--- EXERCISE PROMPT ---
Send back the data below exactly. Drop every picture.

--- GIVEN MATERIAL ---
--------------------------------------------------

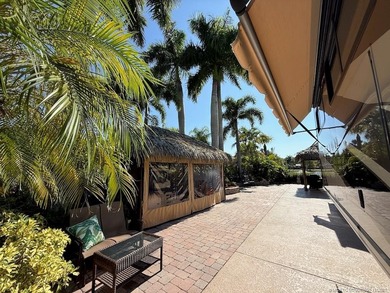 STUNNING LAKE VIEW! Get ready to fall in love with this on Motorcoach Resort Golf Course in Florida - for sale on GolfHomes.com, golf home, golf lot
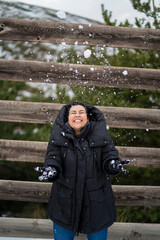 Chica joven guapa en la nieve posando feliz ante la cámara y poniendo caras graciosas
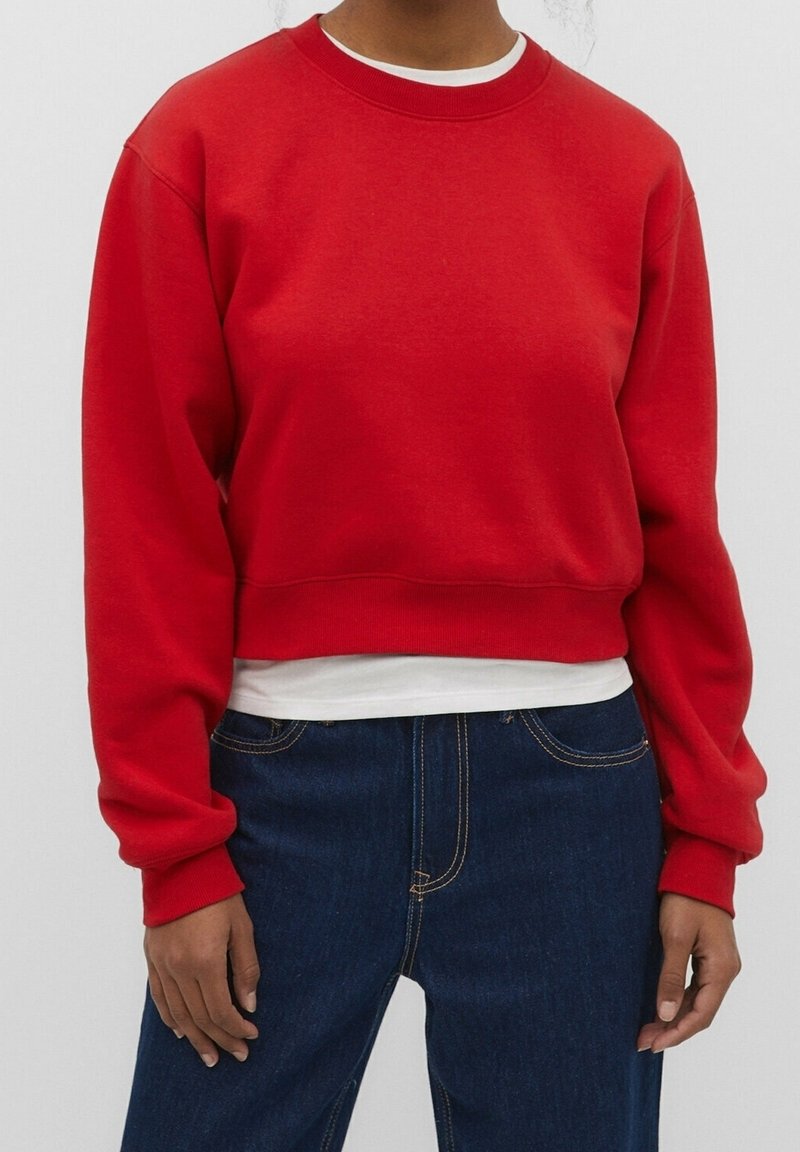 Personne portant un sweat court rouge à manches longues par-dessus une chemise blanche, associé à un jean bleu foncé sur un fond uni.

--------------------------------------------------

--- REPLY ---
 STUNNING LAKE VIEW! Get ready to fall in love with this on Motorcoach Resort Golf Course in Florida - for sale on GolfHomes.com, golf home, golf lot
 Chica joven guapa en la nieve posando feliz ante la cámara y poniendo caras graciosas
 Personne portant un sweat court rouge à manches longues par-dessus une chemise blanche, associé à un jean bleu foncé sur un fond uni.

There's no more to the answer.